Gli archivi dei giornali sono macchine del tempo. Ritagli, microfilm, schermate. Dal primo all’ultimo numero, dalla prima all’ultima pagina, dal titolo-vetrina alla notizia-pallino. La cronaca che diventa storia.
Gli archivi dei giornali regalano viaggi nel tempo. Lo svenimento di Dorando Pietri, sfinito dalla fatica, alla maratona olimpica di Londra 1908, il più celebre perdente dello sport. L’urlo di Marco Tardelli, rapito dalla sua stessa prodezza, il 2-0 del 3-1 finale ai Mondiali di calcio 1982.
Gli archivi dei giornali hanno la sacralità, il potere, la forza della memoria, e se non raggiungono la verità, e se non diventano letteratura, almeno le sfiorano. “La sua arroganza sul ring era splendida – Emanuela Audisio scriveva di Mike Tyson -. Una rabbia genuina, i sottotitoli non servivano. Un mostro attraente”.
La lunga premessa per arrivare, entrare e riemergere dagli archivi di “Tuttosport” e “Corriere dello Sport” (due macchine del tempo) con “Il nostro Bartali” (un viaggio nel tempo) e 226 pagine di libro (e il doppio di giornali) per recuperare, rileggere e riassaporare un fratello d’Italia, un padre della patria, un uomo di ferro.

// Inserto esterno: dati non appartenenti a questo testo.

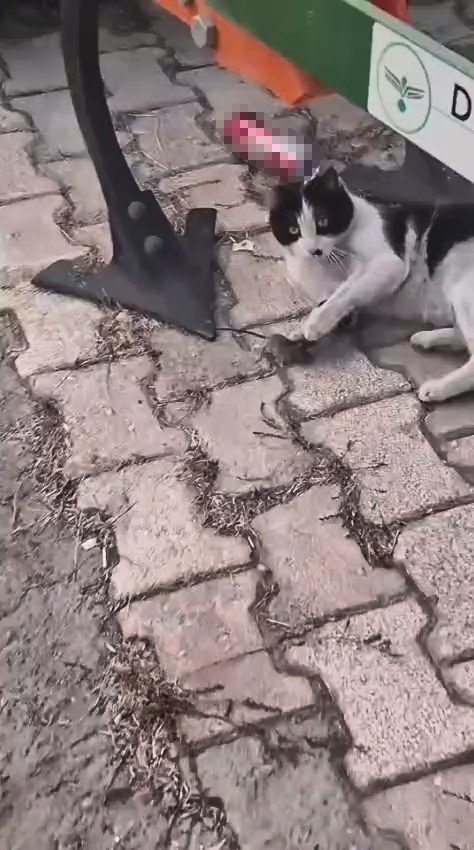 ELAZIĞ’DA, KEDİNİN FARE İLE OYNAMASI BİR VATANDAŞIN CEP TELEFONU KAMERASINA YANSIDI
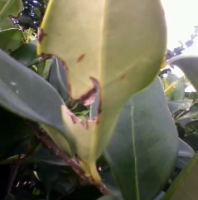 Smiley Leaf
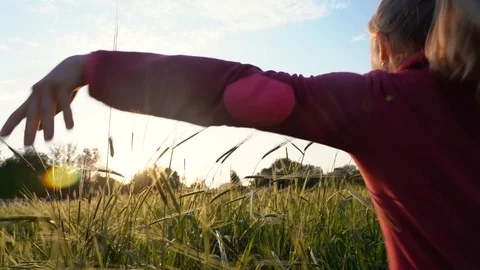 Woman's hand running through wheat field. Girl's hand touching wheat ears Stock Footage 107550306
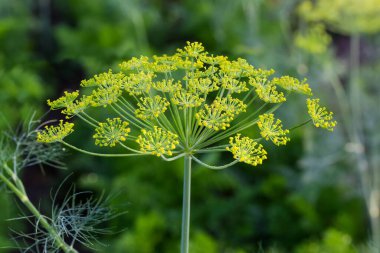 Çiçek açan dereotunun küçük sarı çiçekleri ile tarlada sabah çiğ ile kaplanmış, seçici odaklı Umbel infloresans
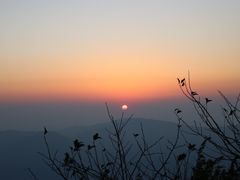 -江西阳明山国家森林公园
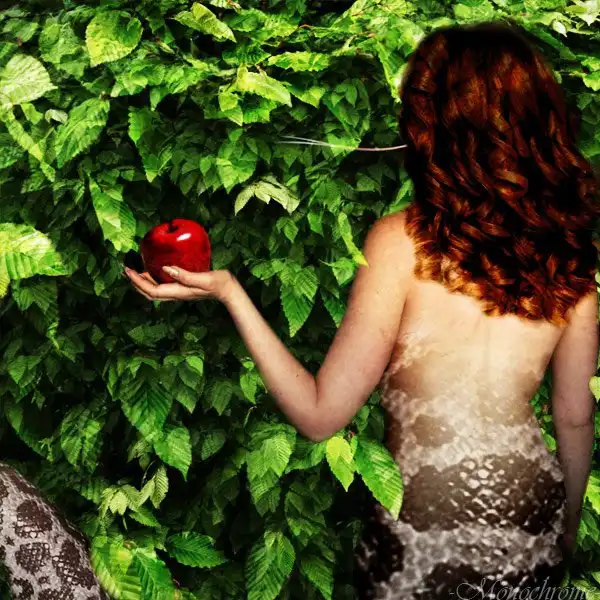 Женская натура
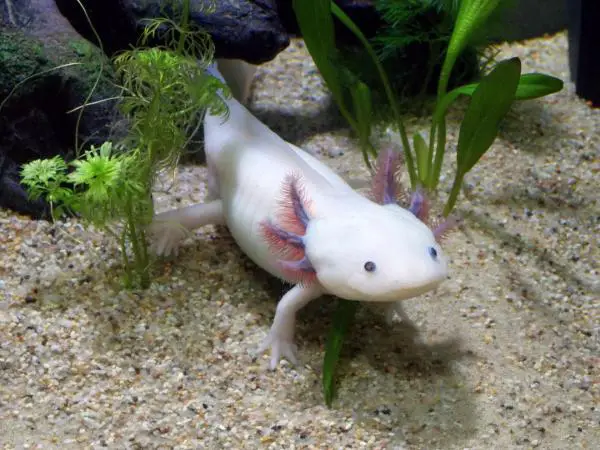 Animales extraños pero hermosos del mundo - Ajolote (Ambystoma mexicanum)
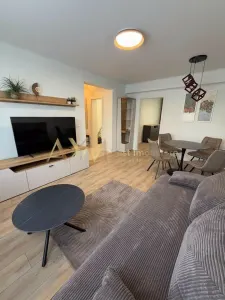 Inchiriere apartament 2 camere Timisoara - foto 11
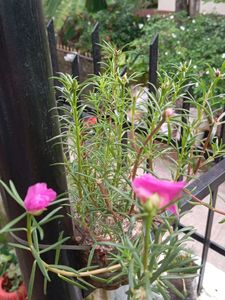 combo of 4+ freebies as Moss Rosa cutting flower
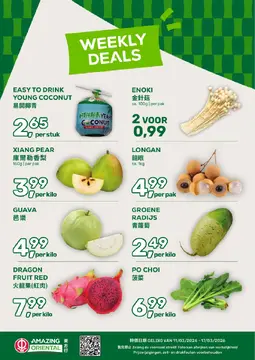 Amazing Oriental folder voorblad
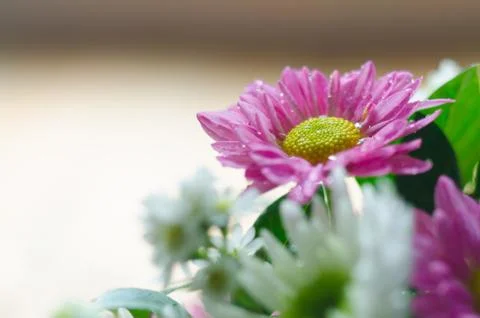Pink flower Stock Photos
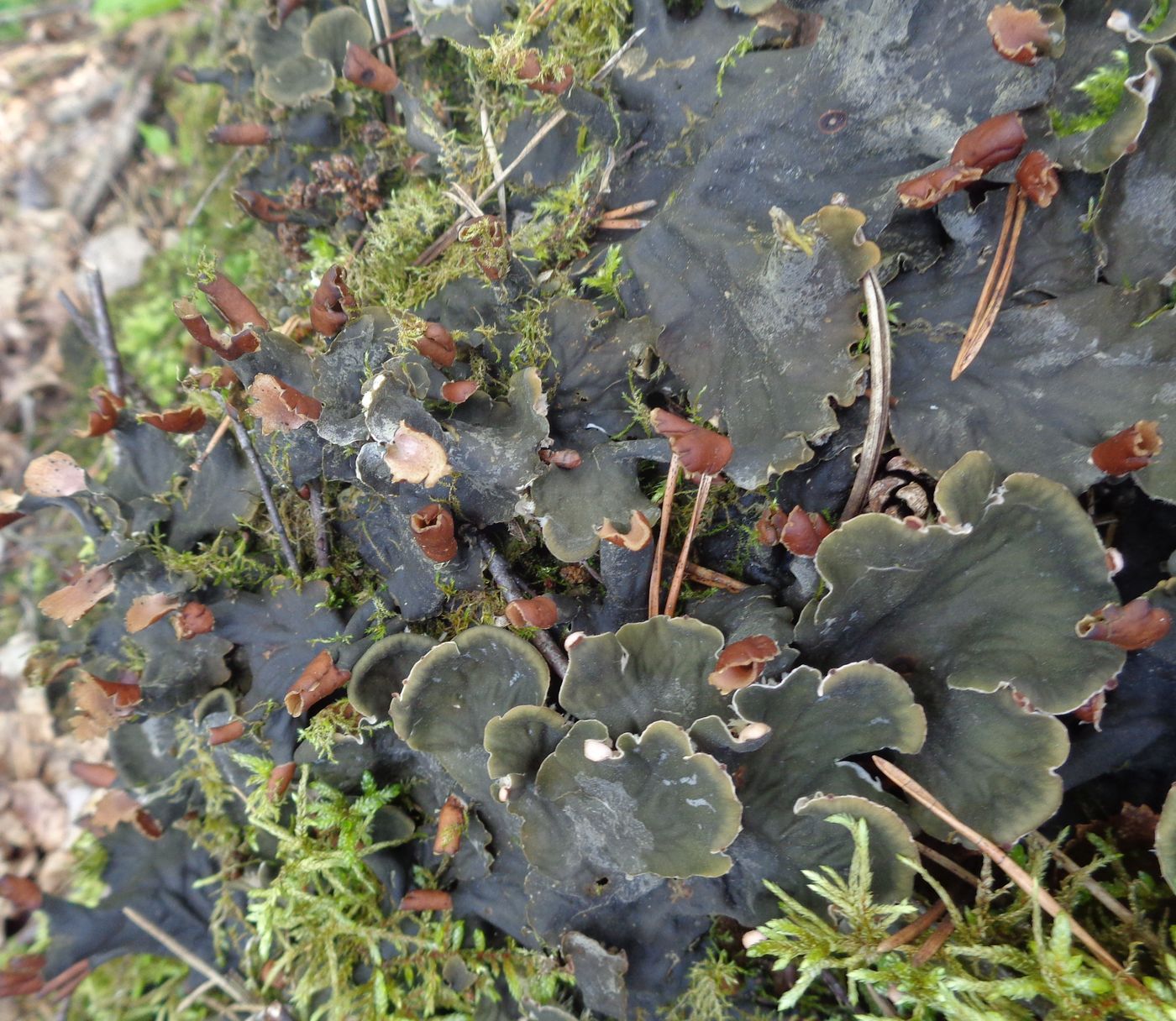 Image of genus Peltigera specimen.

Andrea Schiavon ha diviso la lunga esistenza di Bartali in 10 capitoli, fra Giri e Tour, fra Sanremo e Lombardia, fra classiche e tricolori, fra le pedalate per salvare gli ebrei perseguitati e i calvari per precedere Fausto Coppi. Ciascun capitolo ha un suo testo, gli altri sono la prefazione di Sergio Neri e la postfazione di Giancarlo Brocci. La ricchezza sta nelle paginate: che sono lezioni di storia del ciclismo, ma anche del giornalismo; che sono doveri di cronaca, ma anche diritti all’immaginazione. La carta canta, la carta conta.

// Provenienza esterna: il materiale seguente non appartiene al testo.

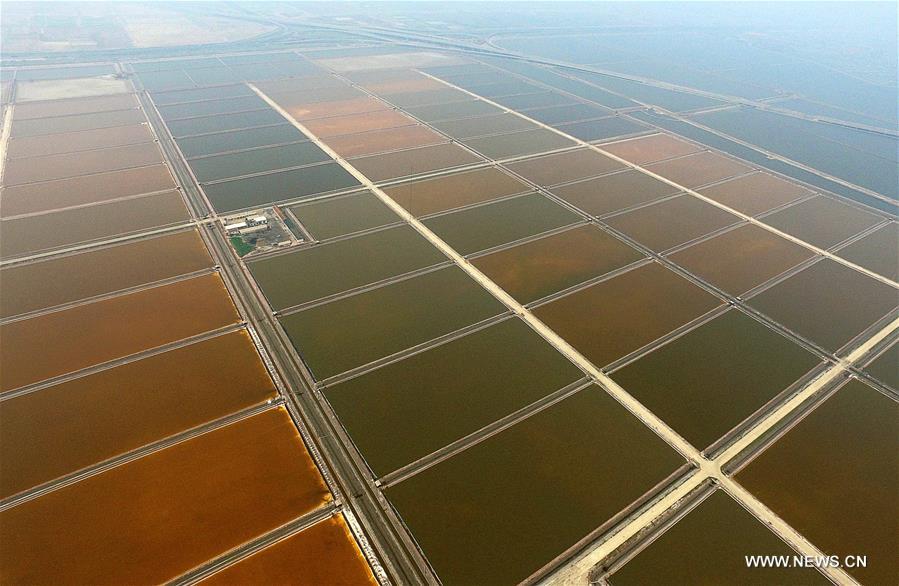 The field is expected to produce some 889,000 tons of salt in 2016.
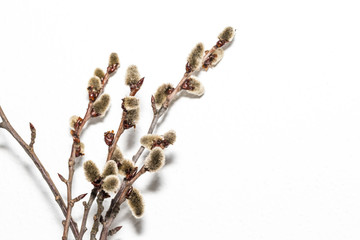 Fluffy pussy willow (catkin) twigs on white background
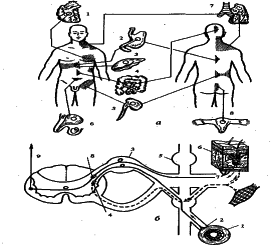 ���������� - �������� ���������� �������� (�������������)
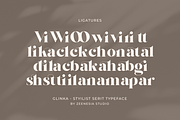 Glinka - A Stylist Serif Font, a Serif Font by zeenesia (Thumbnail 24 of 25)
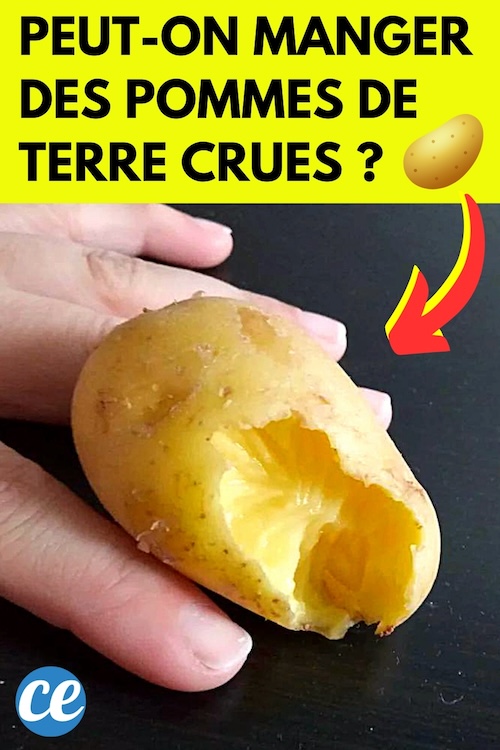 Peuton Manger des Pommes de Terre Crues Sans Risque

Non è nostalgia, ma passione. Carlin su “Tuttosport” del 26 luglio 1948: “Se Girardengo è stato il più brillante e Binda il più classico, il più olimpico, Bartali è stato il più titanico dei nostri campioni”. Non è ironia, ma affetto. Didascalia sul “Littoriale” dell’8 maggio 1939: “L’incidente che ha privato Cinelli della maglia rosa. Il corridore della Frejus contempla malinconicamente la macchina tutta contorta e pensa che proprio questa non ci voleva”. Non è interpretazione, ma fedeltà. Intervista sul “Littoriale” del 20 aprile 1937: “Un conto è parlare e un conto fare fatti. Quando ti vedi davanti certe salite che par ti caschino addosso tanto son ripide, hai voglia a gridare: lì bisogna arrampicarsi, caro mio, e le parole non contano”. Non è scandalo per vendere, ma dettaglio per illuminare. Dietro le quinte su “Tuttosport” del 19 luglio 1948: al figlio – Andrea – che prima di partire gli disse “che idea hai avuto, papà, di andare a disputare il giro di Francia. Sei troppo vecchio e ti farai battere”, spedisce “un telegramma per il suo (come dice lui) monello: ‘Tuo papà è ancora in gamba’”.